We're talking the 18th century.
We're talking a time when piracy was still very much
in the public imagination.
Yeah, buried treasure was a hot thing.
Yeah, I mean, there is such a thing.
And at the very least, if no single pirate ever buried
this treasure, there is a lot of rumor
about buried treasure of pirates.
I think it makes total sense.
Sure.
You can't carry that stuff around all the time
because you get robbed and looted.
So you bury that junk.
Bury it.
Come back for it later.
Right.
Make a weird, funny-looking map that
looks like a sweaty pillowcase.
And put a big X in the middle of it.
Sure.
And then put that in a coffee can,
and then bury that in your backyard.
That's right.
You got to bury twice because it's so nice.
That's the pirate theme.
Really?
Can you say it like a pirate?
No.
I didn't know you would do that.
All right, so he starts digging.
His interest is peaked.
He gets a couple of friends, comes back the next day.
Anthony, Valhahn, and John Smith.
And this is likely a pseudonym, you think?
Probably.
And so they start digging, reportedly go down about 10
feet and found a layer of a platform of oak logs.

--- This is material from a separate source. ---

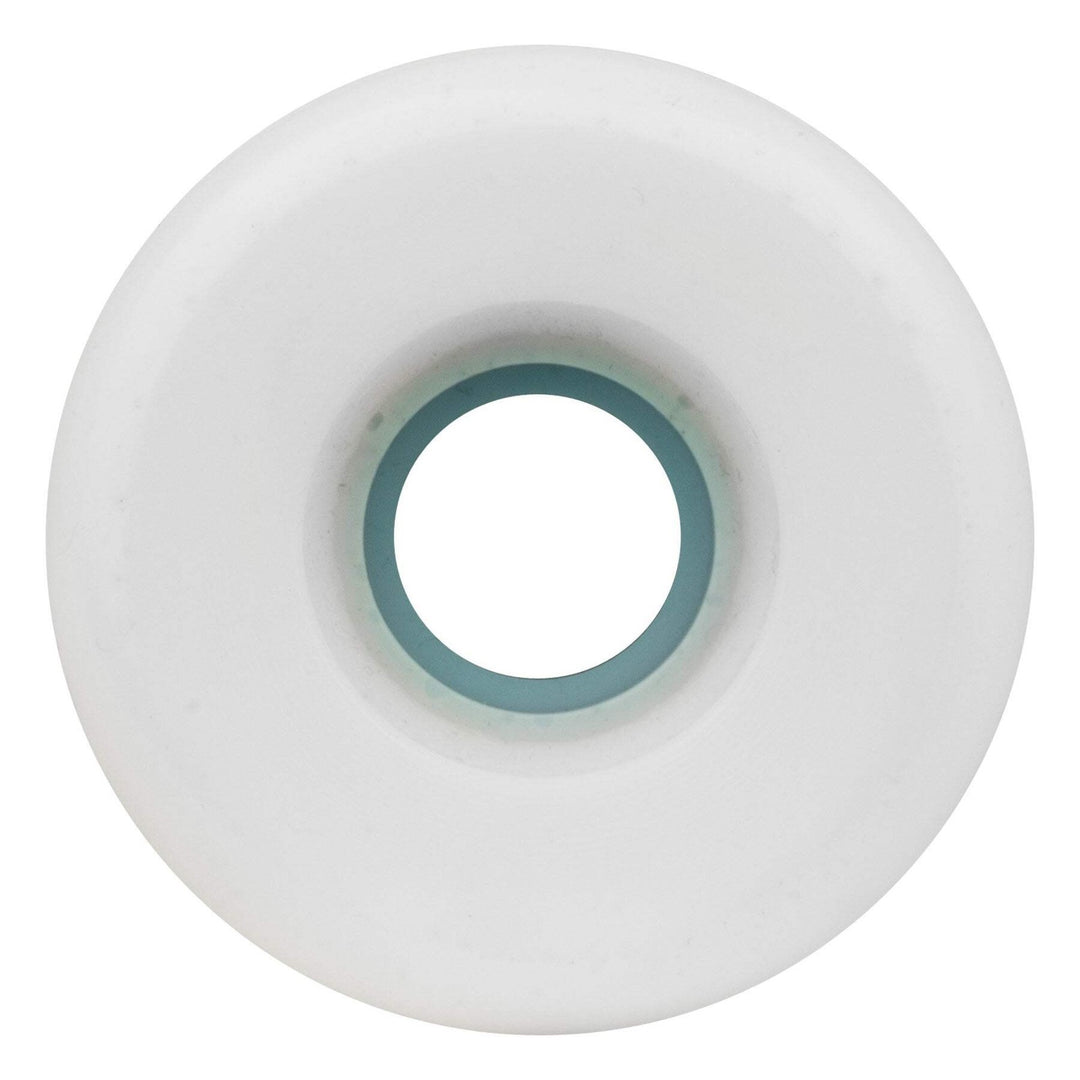 Ricta Clouds White 60mm 78a Skateboard Wheels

Yeah, which is you're not supposed to find that when
you dig into a hole under a pulley.
No, you're not supposed to.
It's not worthy.
First, they found a stone that they
took to be man-made, like two feet down.
And then 10 feet down, they found an oak platform.
Yeah.
And then supposedly every 10 feet after that,
they kept finding these platforms.
And we'll just go ahead and call this the money pit,
which is what everyone calls it.
Yeah.
This main location is the money pit.
Because just the first oak platform alone says there's
treasure buried here.
That's right.
So basically they got down as far as they could for three
teenage boys with picks and shovels and said, this isn't,
we're not finding anything and we need help, basically.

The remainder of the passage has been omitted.